Cohesive energy discrepancy drives the fabrication of multimetallic atomically dispersed materials for hydrogen evolution reaction

Atomically dispersed single atom (SA) and atomic cluster (AC) metallic materials attract tremendous attentions in various fields. Expanding monometallic SA and AC to multimetallic SA/AC composites opens vast scientific and technological potentials yet exponentially increasing the synthesis difficulty. Here, we present a general energy-selective-clustering methodology to build the largest reported library of carbon supported bi-/multi - metallic SA/AC materials.

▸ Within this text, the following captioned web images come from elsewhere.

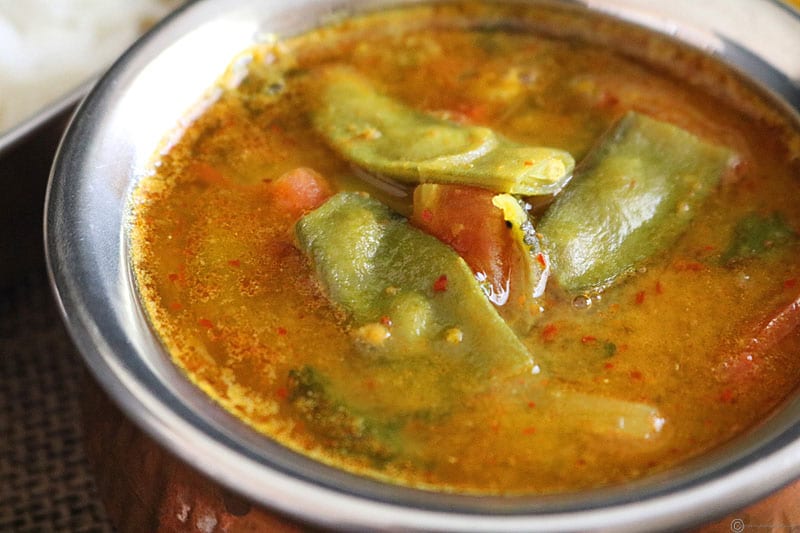 avarakkai sambar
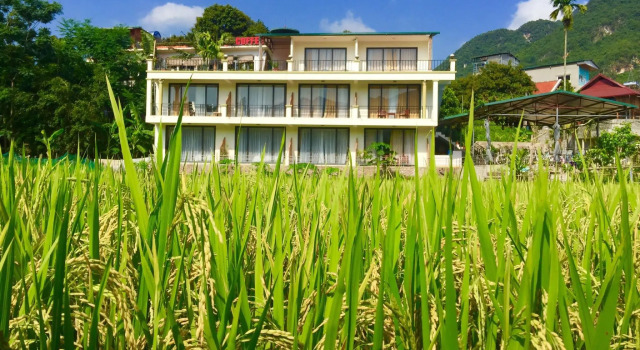 Номер Deluxe Mai Chau Sunset Boutique Hotel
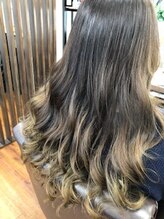 フランジパニ(FRANGPANI)&nbsp;イルミナグラデーションカラー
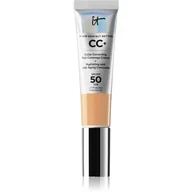 Kremy CC - IT Cosmetics IT Cosmetics Podkłady Your Skin But Better CC+ SPF 50+ Medium Tan 32.0 ml - miniaturka - grafika 1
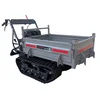 Mini demper goseničar POWERTECH PTD 330 Q - ROČNI DVIG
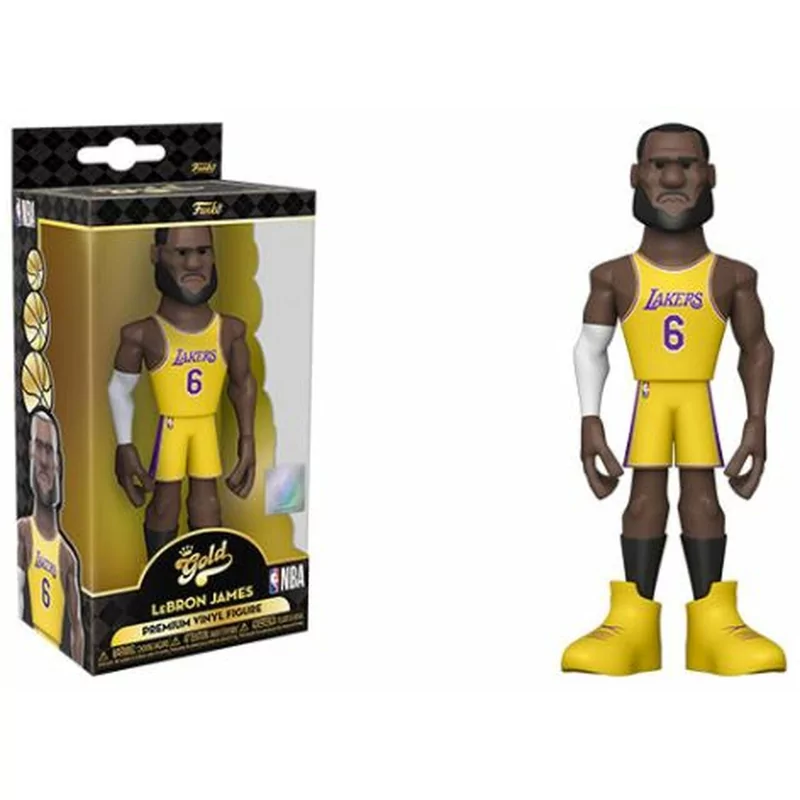 Funko Gold 5 NBA: Lakers- LeBron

The discrepancy in cohesive energy results into selective metal clustering thereby driving the symbiosis of multimetallic SA or/and AC. The library includes 23 bimetallic SA/AC composites, and expanded compositional space of 17 trimetallic, quinary-metallic, septenary-metallic SA/AC composites. We chose bimetallic M 1 SA M 2 AC to demonstrate the electrocatalysis utility. Unique decoupled active sites and inter-site synergy lead to 8/47 mV overpotential at 10 mA cm −2 for alkaline/acidic hydrogen evolution and over 1000 h durability in water electrolyzer. Moreover, delicate modulations towards composition and configuration yield high-performance catalysts for multiple electrocatalysis systems. Our work broadens the family of atomically dispersed materials from monometallic to multimetallic and provides a platform to explore the complex composition induced unconventional effects. Atomically dispersed metallic materials attract tremendous attention. Here the authors explore a general method based on the discrepancy in cohesive energy of the metals to synthesize a large library of bi-/multi-metallic single atom/atomic cluster materials for electrocatalytic hydrogen evolution.